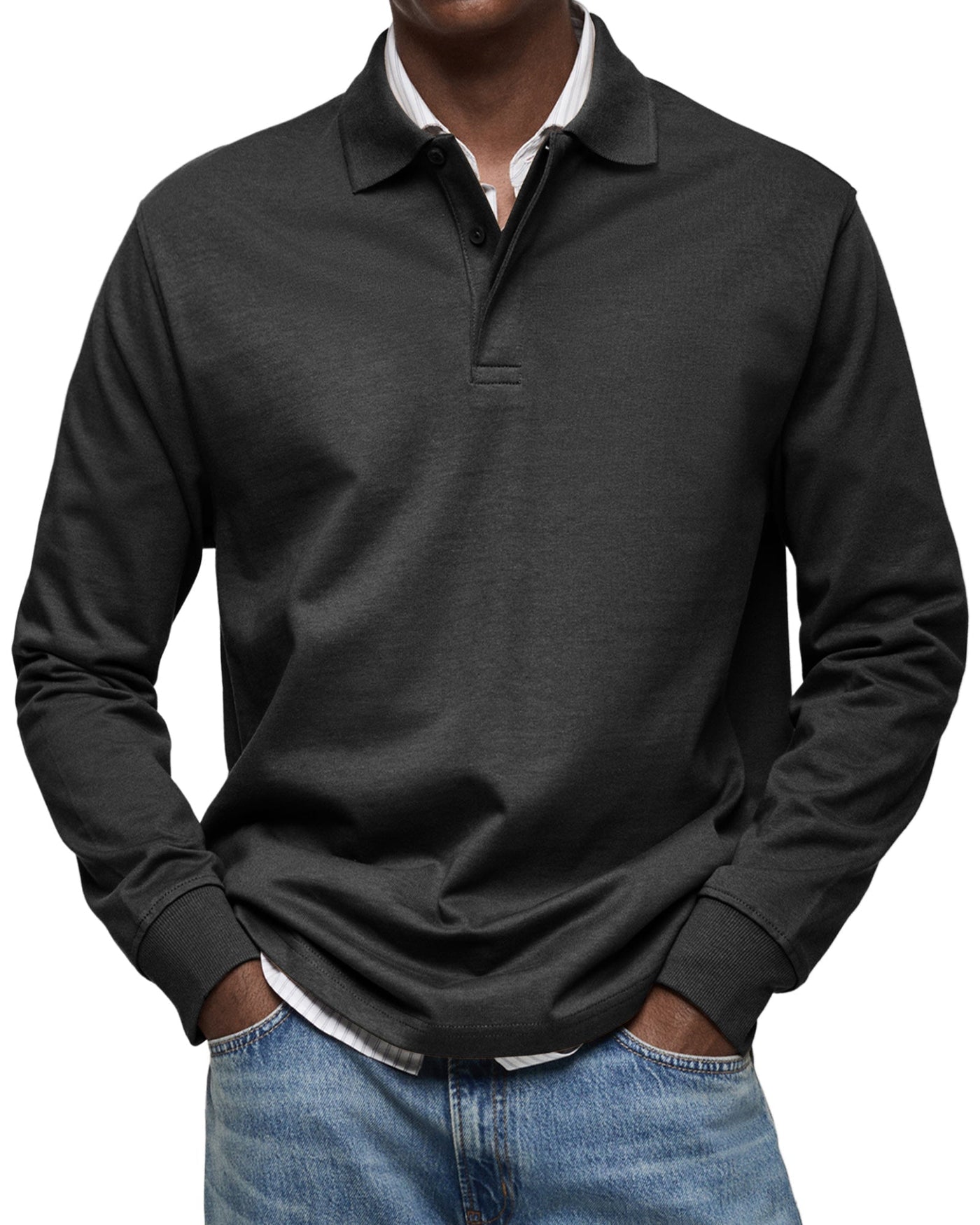 Hailana | Casual Long-sleeve Poloshirt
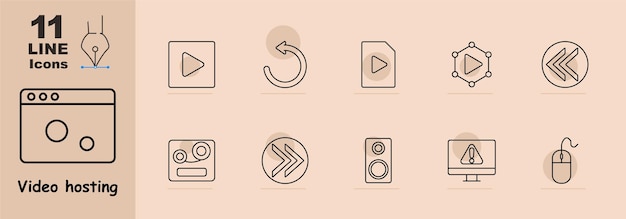 Video hosting set icon Video player file rewind speaker playback warning and mouse Highlights media sharing and streaming services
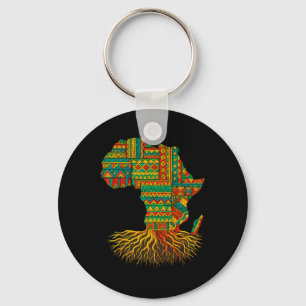 African Roots Africa Map Melanin Juneteenth Key Ring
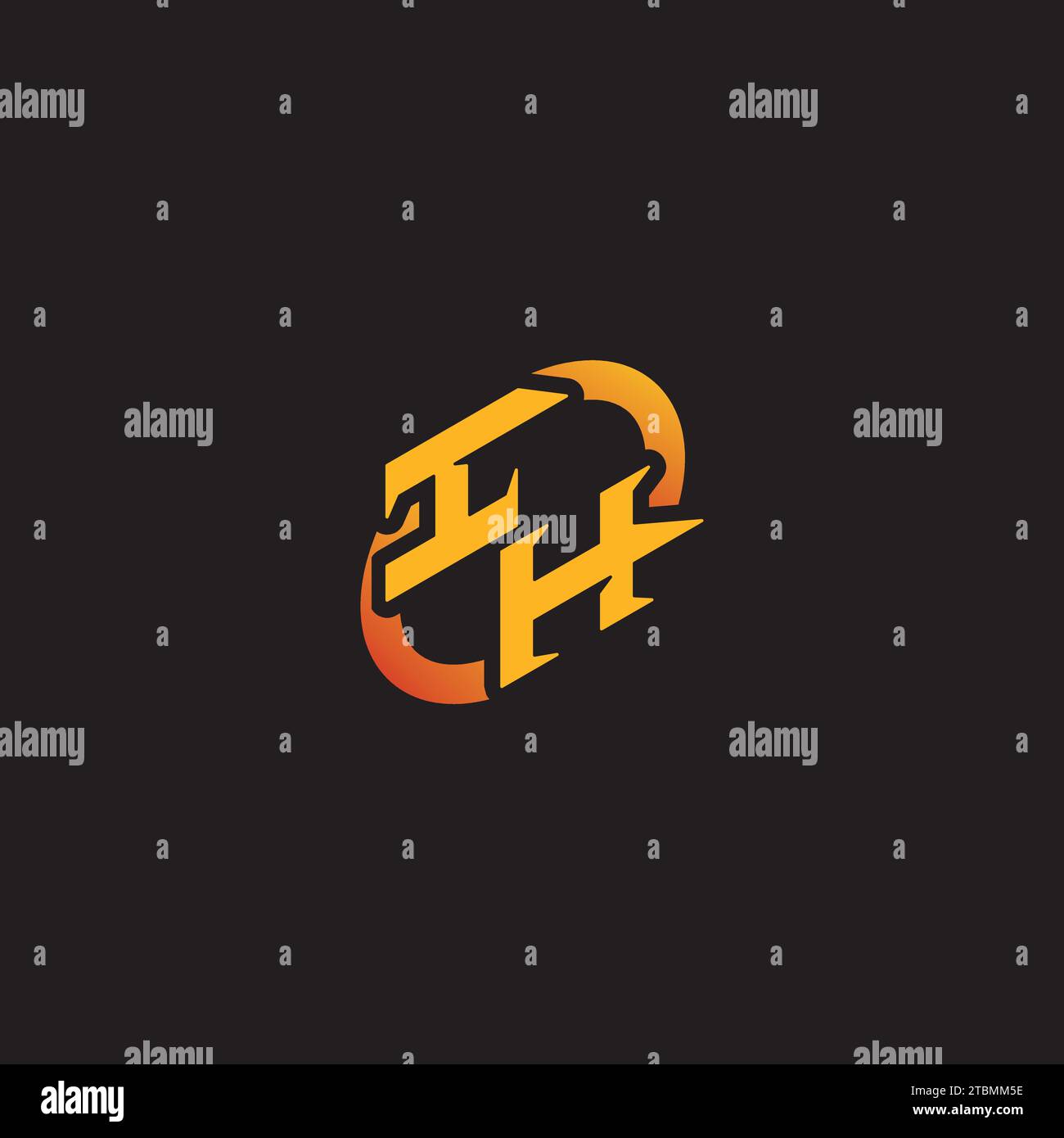 HALLO Kombination Buchstaben einzigartige Initialen Logo Esport für Gaming-Team, youtube, Twitch Stock Vektor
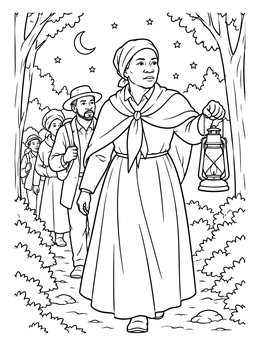 Harriet Tubman guides travelers at night on this womens history month coloring page.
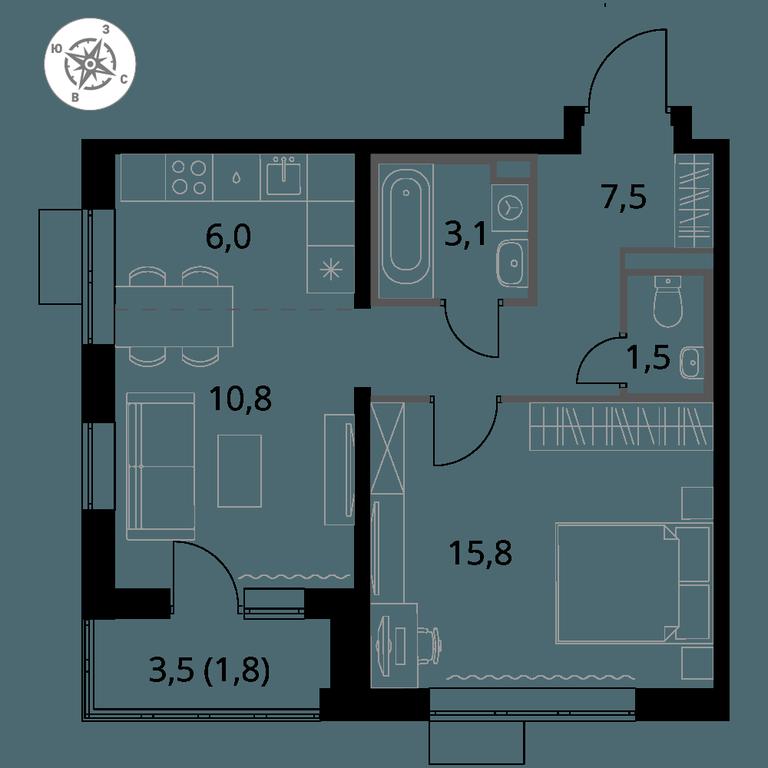 2-BD Apartment Sale, 46.5 sq. m. at Pervy Donskoj, zhiloy mikrorayon Sapronovo, derevnya Sapronovo, Leninskiy City District, Moscow Region, Russia #1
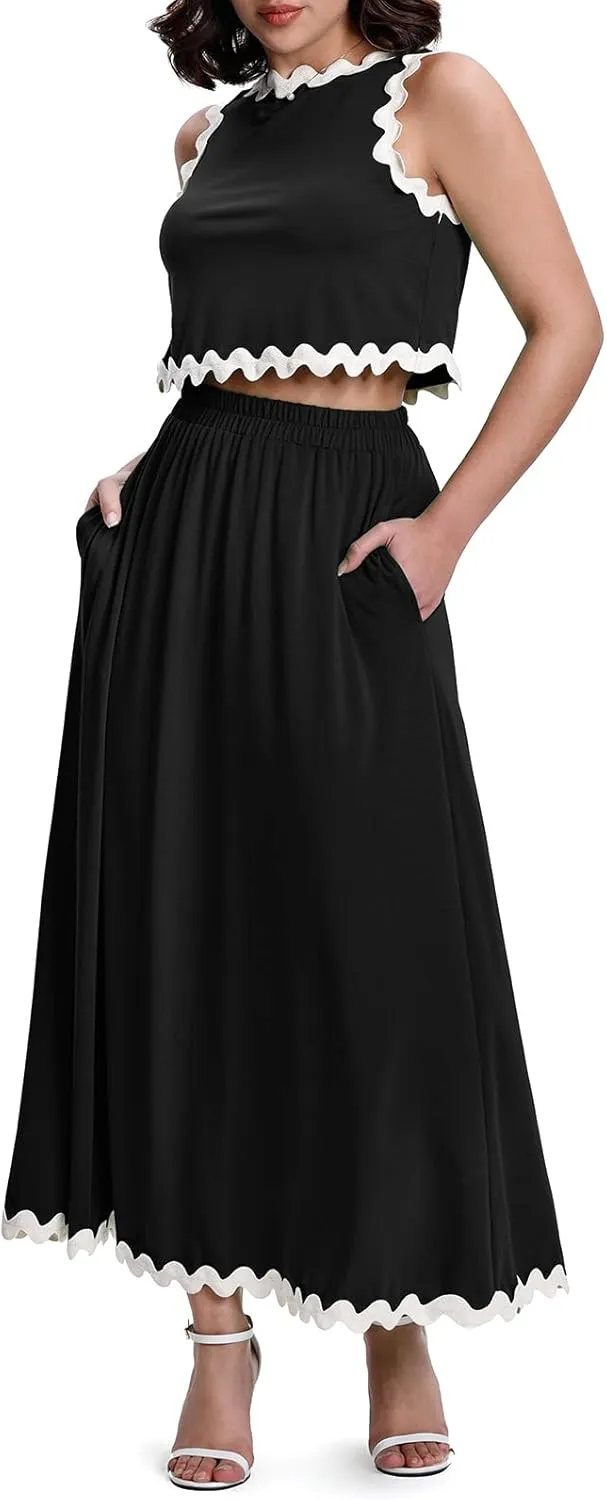 BLEVONH Womens 2 Piece Outfits Dressy Casual Summer Crop Tops Ric Rac Trim High Waisted Maxi Skirt Set with Pocket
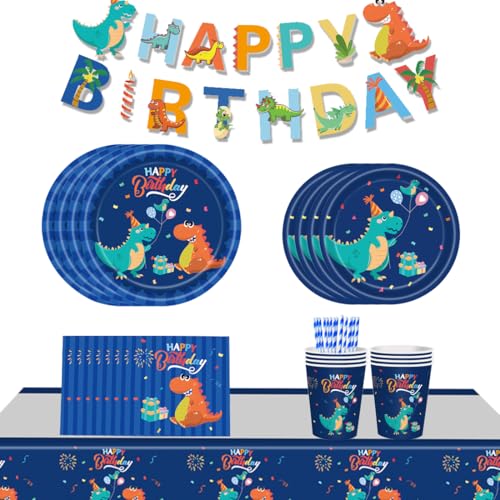 HGFDKOU Dinosaurier Pappteller, Dinosaurier Partygeschirr Set, Dino Geburtstag Party Geschirr, Pappteller Becher Strohhalme Servietten Banner, Dino Kindergeburtstag Party Deko für 10 Gäste von HGFDKOU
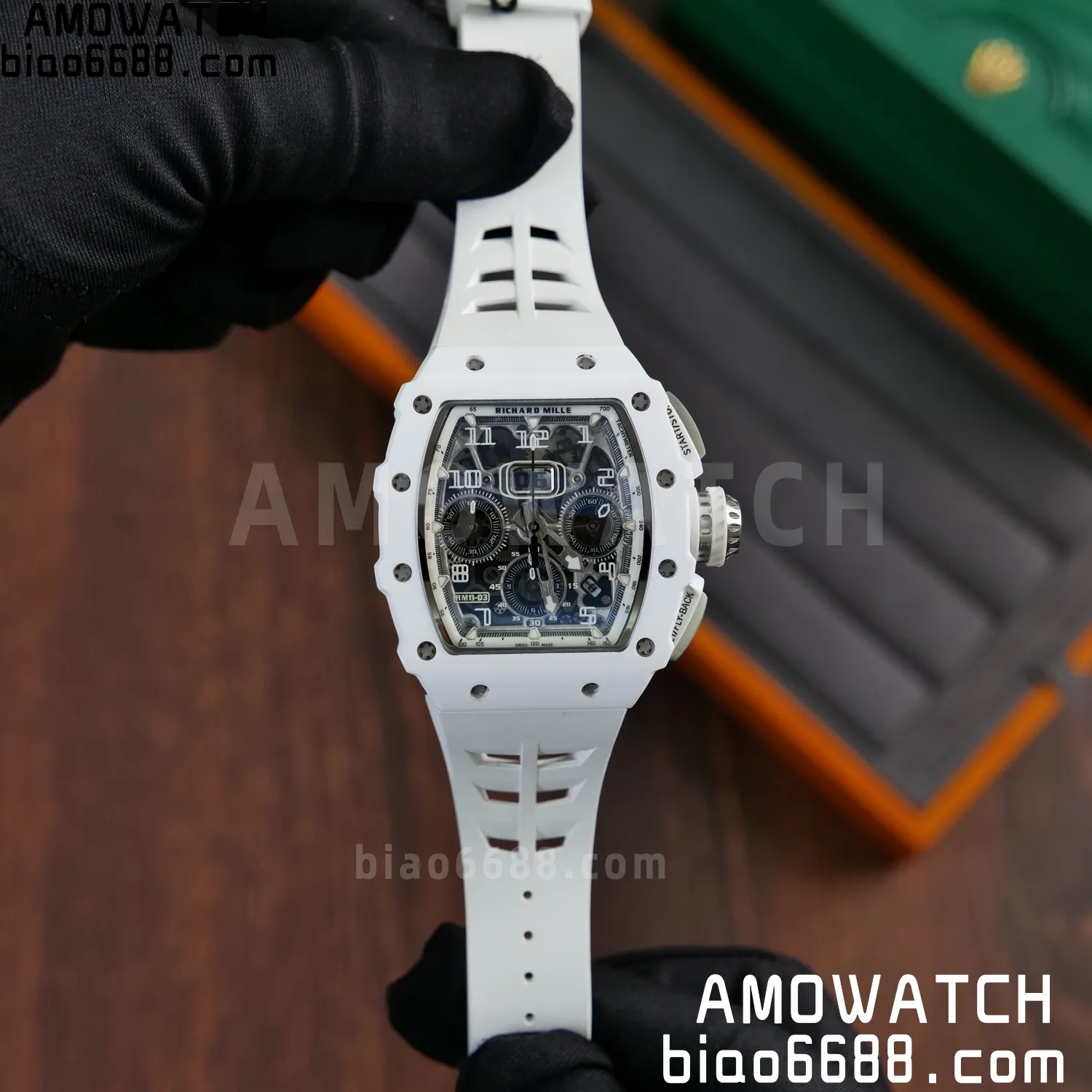 Richard Mille RM11-03 RM1103 Black Carbon KV Factory Best Edition Skeleton Dial on White Rubber Strap v5 72 1dc13d16029f14b AMO Watch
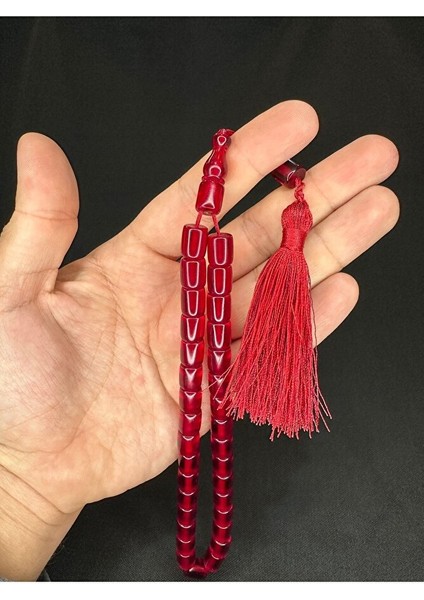 Sıkma Kehribar Tesbih Kırmızı Renkli Kapsül Kesim 10,5MMX9MM T-609 fırsatları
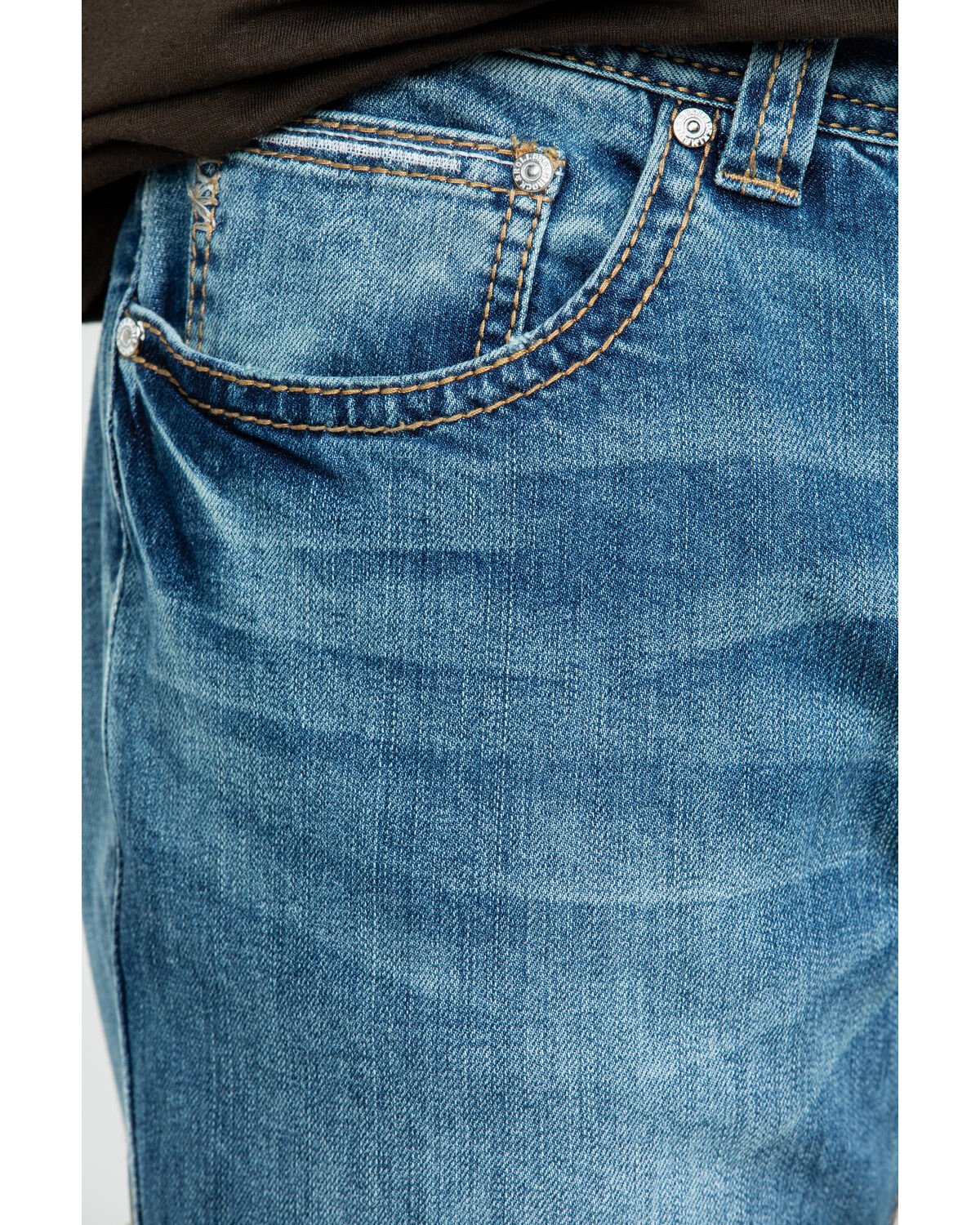 Image #4 - Rock & Roll Denim Men's Pistol Vintage Med Stretch Straight Jeans, Blue, hi-res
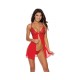 Mesh & Lace Tie Front Babydoll W/g-string Red Sm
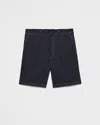 Prada Triangle-logo Poplin Bermuda Shorts In Black
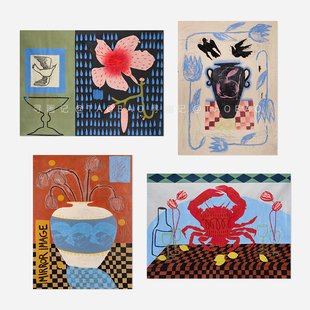 花瓶花卉艺术中古文艺小众纸质装 饰挂画海报内芯高清艺术微喷法式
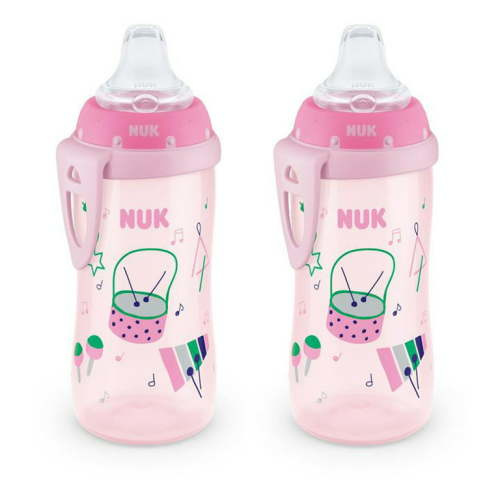 NUK Active Soft Spout Sippy Cup, 10 oz, 2 Pack, 8+ Months, Girl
|---|
**Exercise aim**
Each line above is to be repeated exactly as written; no picture is carried over.

**Answer section**
 Hailana | Casual Long-sleeve Poloshirt
 Video hosting set icon Video player file rewind speaker playback warning and mouse Highlights media sharing and streaming services
 African Roots Africa Map Melanin Juneteenth Key Ring
 HALLO Kombination Buchstaben einzigartige Initialen Logo Esport für Gaming-Team, youtube, Twitch Stock Vektor
 Harriet Tubman guides travelers at night on this womens history month coloring page.
 2-BD Apartment Sale, 46.5 sq. m. at Pervy Donskoj, zhiloy mikrorayon Sapronovo, derevnya Sapronovo, Leninskiy City District, Moscow Region, Russia #1
 BLEVONH Womens 2 Piece Outfits Dressy Casual Summer Crop Tops Ric Rac Trim High Waisted Maxi Skirt Set with Pocket
 HGFDKOU Dinosaurier Pappteller, Dinosaurier Partygeschirr Set, Dino Geburtstag Party Geschirr, Pappteller Becher Strohhalme Servietten Banner, Dino Kindergeburtstag Party Deko für 10 Gäste von HGFDKOU
 Richard Mille RM11-03 RM1103 Black Carbon KV Factory Best Edition Skeleton Dial on White Rubber Strap v5 72 1dc13d16029f14b AMO Watch
 Sıkma Kehribar Tesbih Kırmızı Renkli Kapsül Kesim 10,5MMX9MM T-609 fırsatları
 Image #4 - Rock & Roll Denim Men's Pistol Vintage Med Stretch Straight Jeans, Blue, hi-res
 Mesh & Lace Tie Front Babydoll W/g-string Red Sm
 Prada Triangle-logo Poplin Bermuda Shorts In Black
 花瓶花卉艺术中古文艺小众纸质装 饰挂画海报内芯高清艺术微喷法式
 NUK Active Soft Spout Sippy Cup, 10 oz, 2 Pack, 8+ Months, Girl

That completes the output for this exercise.